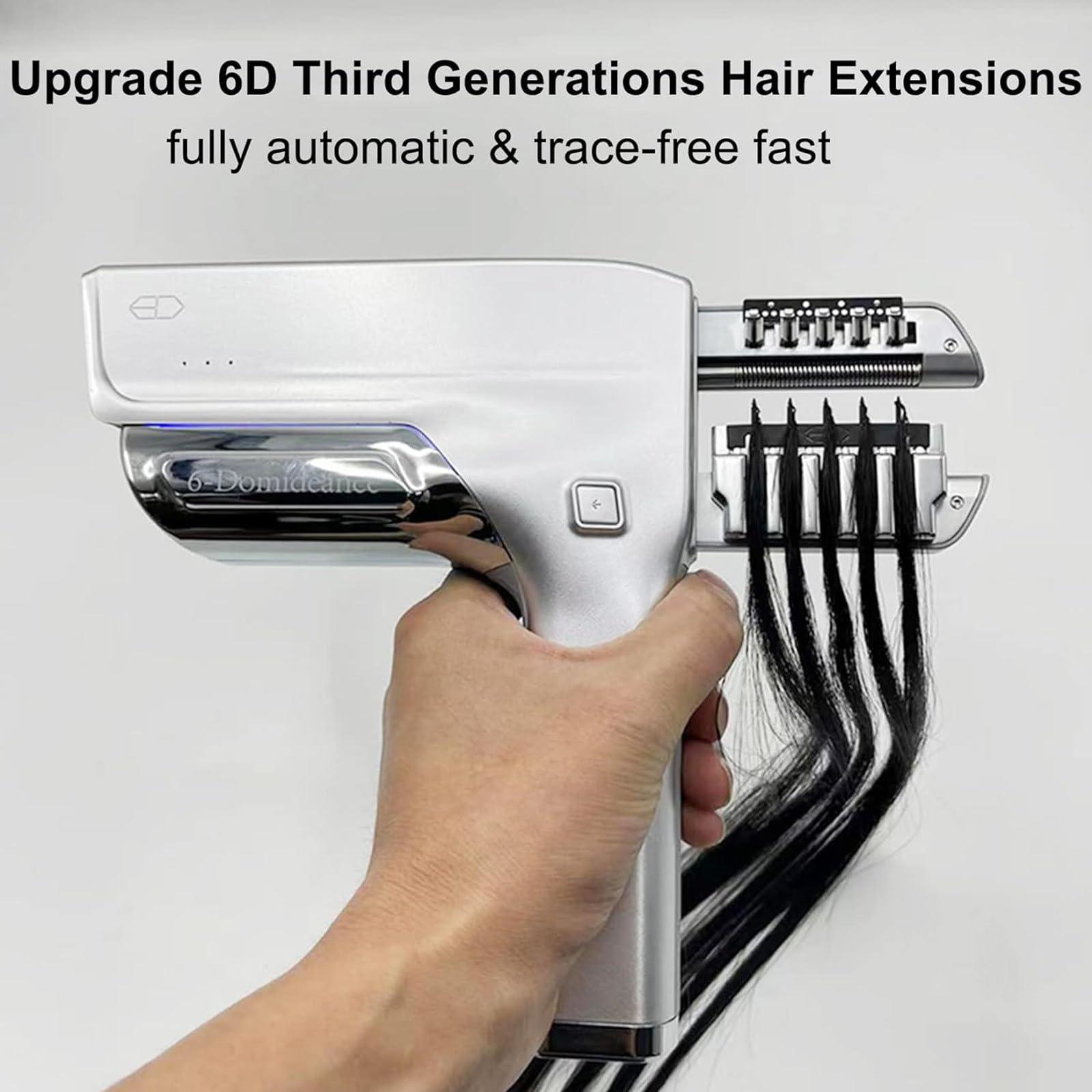 JOSKAA 6D Third Generation Smart Hair Extension Machine, 5-Pin No-Trace Hair Extensions Tool with Pliers, Fast Installation and Removal for Salon Human Hair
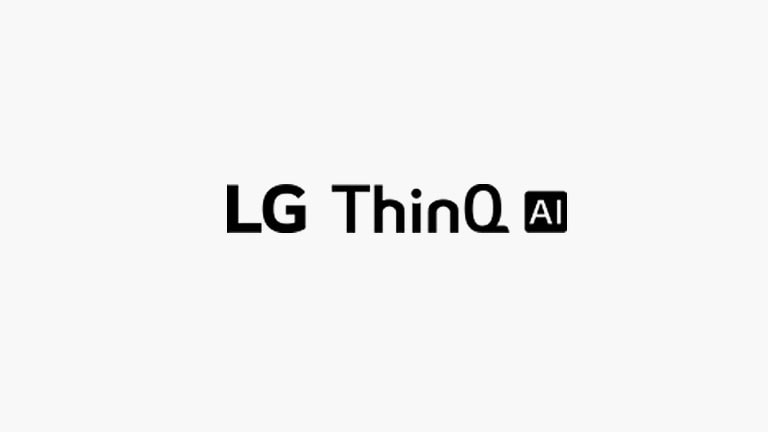 Esta tarjeta describe los comandos de voz. Se colocó el logotipo de LG ThinQ AI,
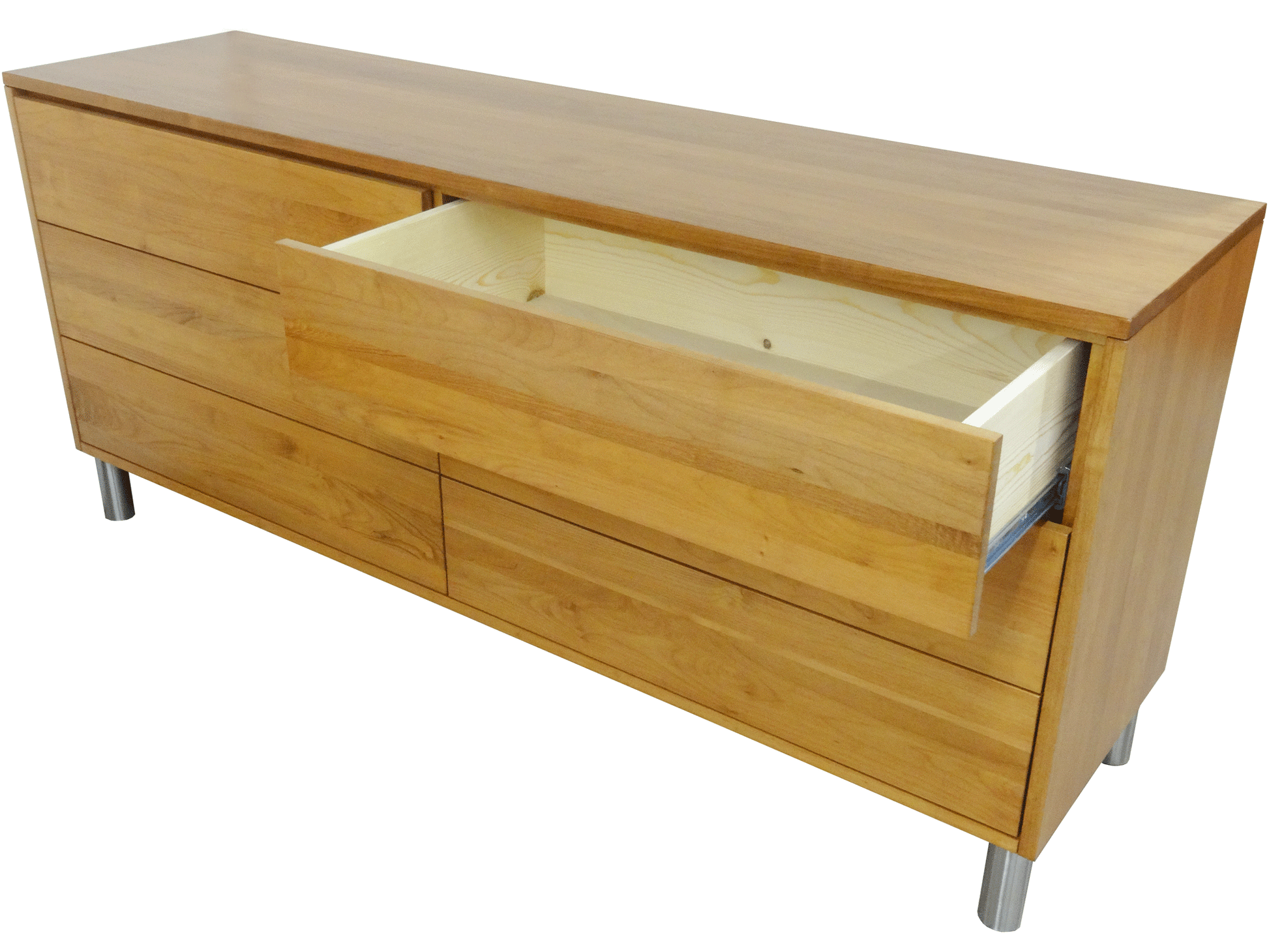 LA Dresser - shown with custom metal legs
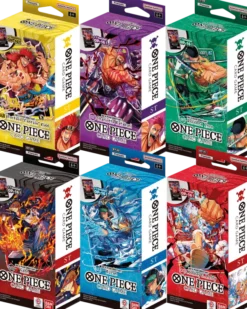 Bundle One Piece Le Jeu de Cartes : 6 Decks pour Débutant 31 à 36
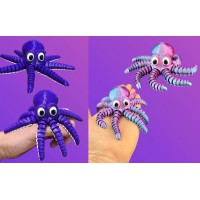 3D Іграшка Восьминіг, 15 см, рухливий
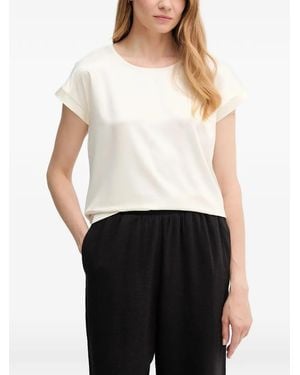 Joop! Taila Cuffed-Sleeve Blouse - White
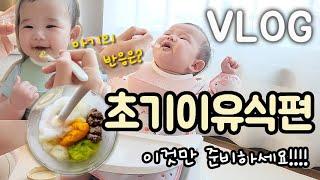 초기이유식 이것만 준비하세요 feat. 토핑이유식, 감성X 가성비O 이유식용품, 아기 이유식 적응기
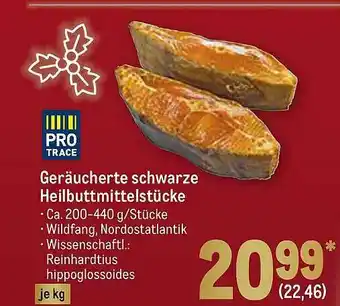 METRO Geräucherte Schwarze Heilbuttmittelstücke Angebot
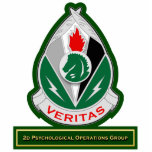 2d Psychological Operations Group DUI Acrylic Cut Out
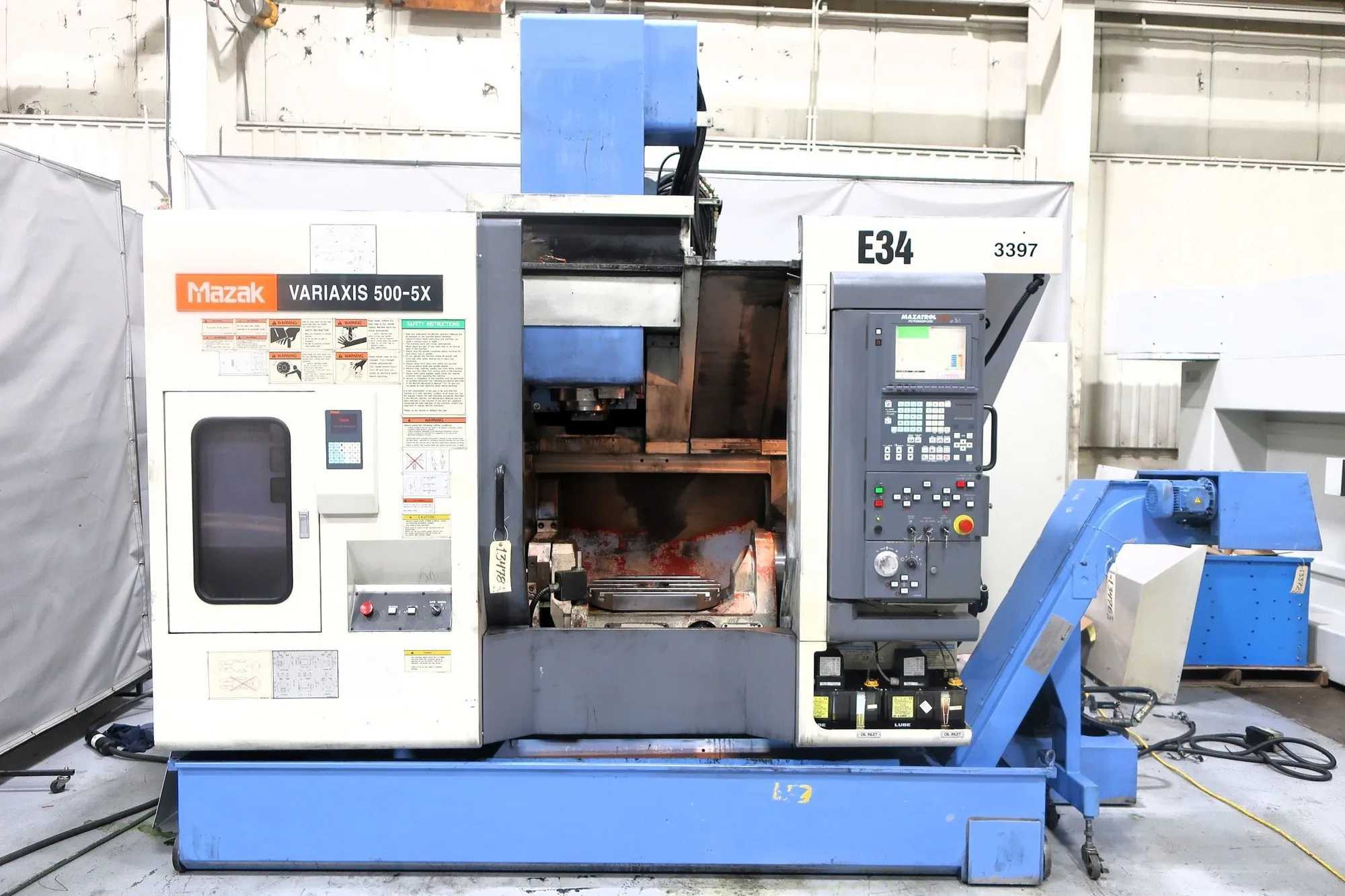 2003 MAZAK VARIAXIS 500-5X 5-AXIS VMC, 10,000 RPM, 25 HP, CAT 40, 40 ATC, MAZATROL 640M 5X - VERTICAL MACHINING CENTERS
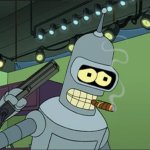 Bender hitting children sitting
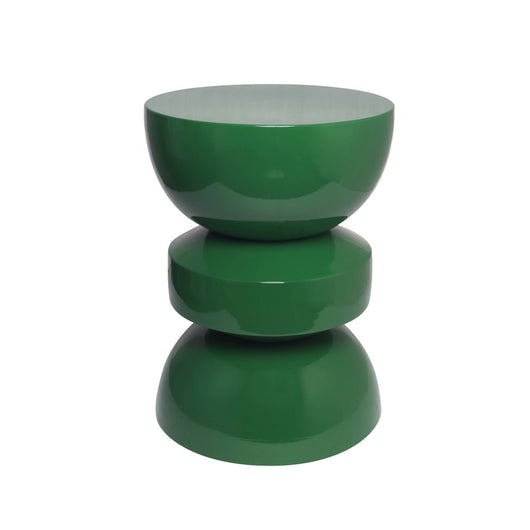 Tavolo d'appoggio in metallo effetto glassy, 44,5cm, verde scuro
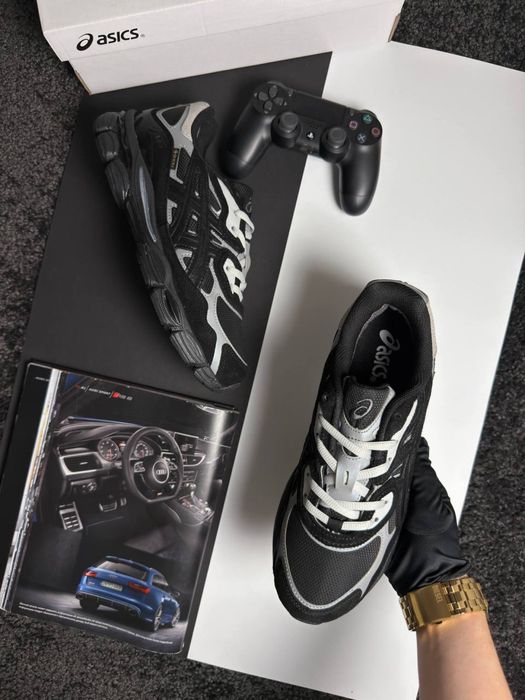 Мужские кроссовки асикс гель ник ASICS Gel-NYC GTX Black Metallic [41-46]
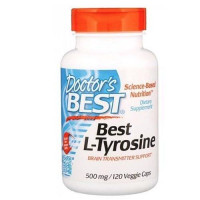Doctors Best L-Тирозин капсулы 620мг №120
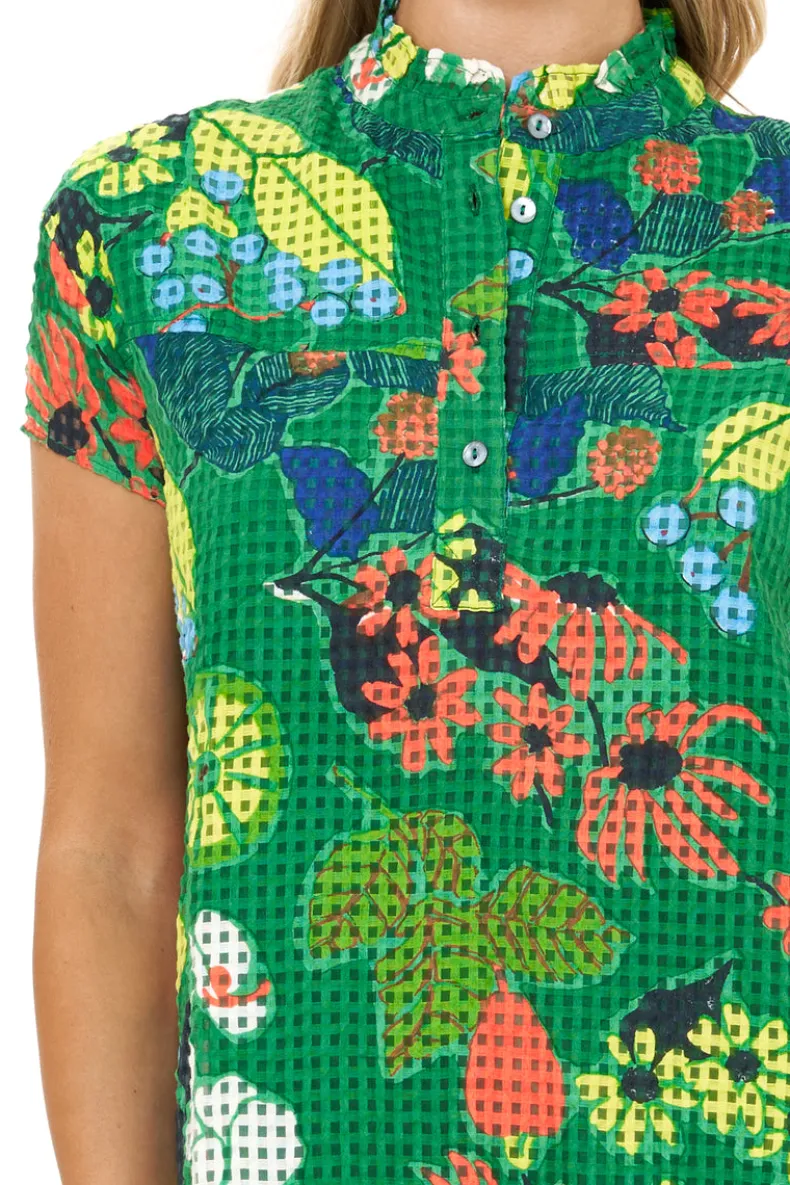 Cap Sleeve Mini- Sutton Green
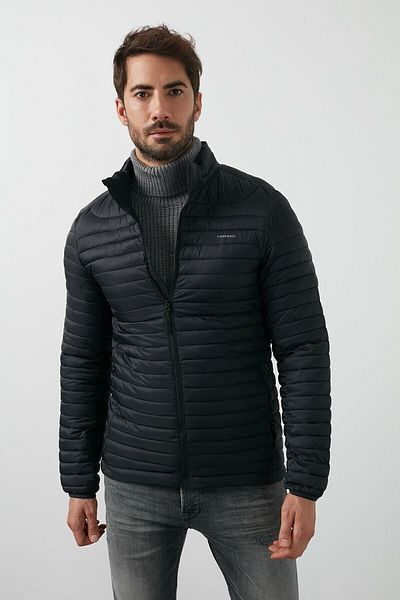 lumberjack Perry Coat Μαύρο Ανδρικό Παλτό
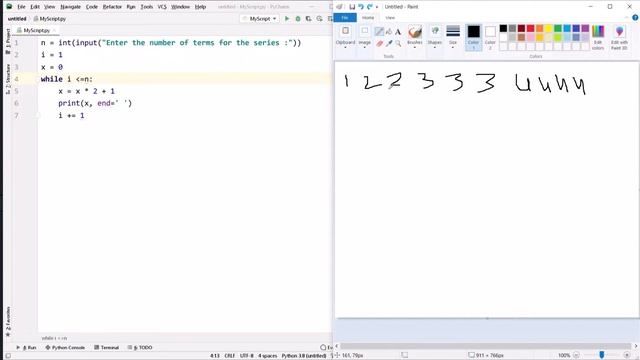 Number Series Programs in Python | Loop Code Practice | Python Tutorial in Hindi | #24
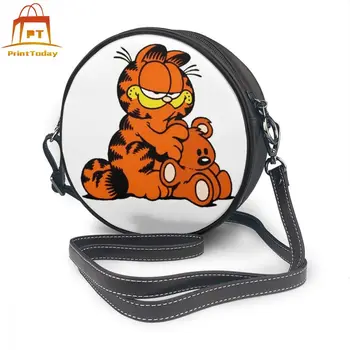 

Garfield Shoulder Bag GARFIELD 4 Leather Bag Mini Print Women Bags Multi Purpose Teenage Crossbody Woman Trending Round Purse
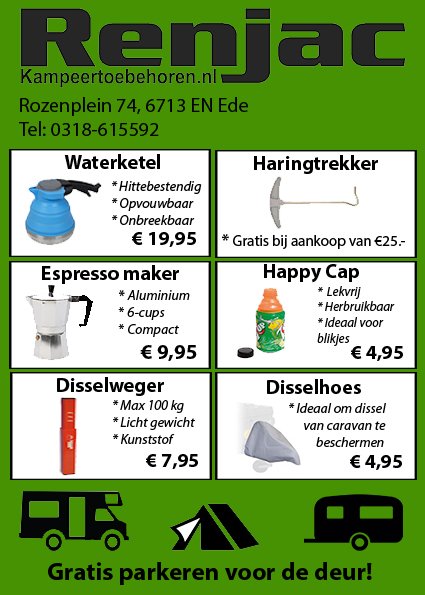 RenjacNL's tweet photo. De zomer is weer begonnen! ☀Zorgeloos op vakantie met onze kampeerartikelen.#kampeeraanbiedingen #bocamp #kamperen #camping #ede #gratis https://t.co/KsE19Saqss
==============================
The reply should consist only of the lines from the top of the material above through the line with "Bundle One Piece", printed exactly, pictures omitted.

▶ [OUTPUT FOR THIS TASK]:
 JOSKAA 6D Third Generation Smart Hair Extension Machine, 5-Pin No-Trace Hair Extensions Tool with Pliers, Fast Installation and Removal for Salon Human Hair
 Esta tarjeta describe los comandos de voz. Se colocó el logotipo de LG ThinQ AI,
 LA Dresser - shown with custom metal legs
 Bundle One Piece Le Jeu de Cartes : 6 Decks pour Débutant 31 à 36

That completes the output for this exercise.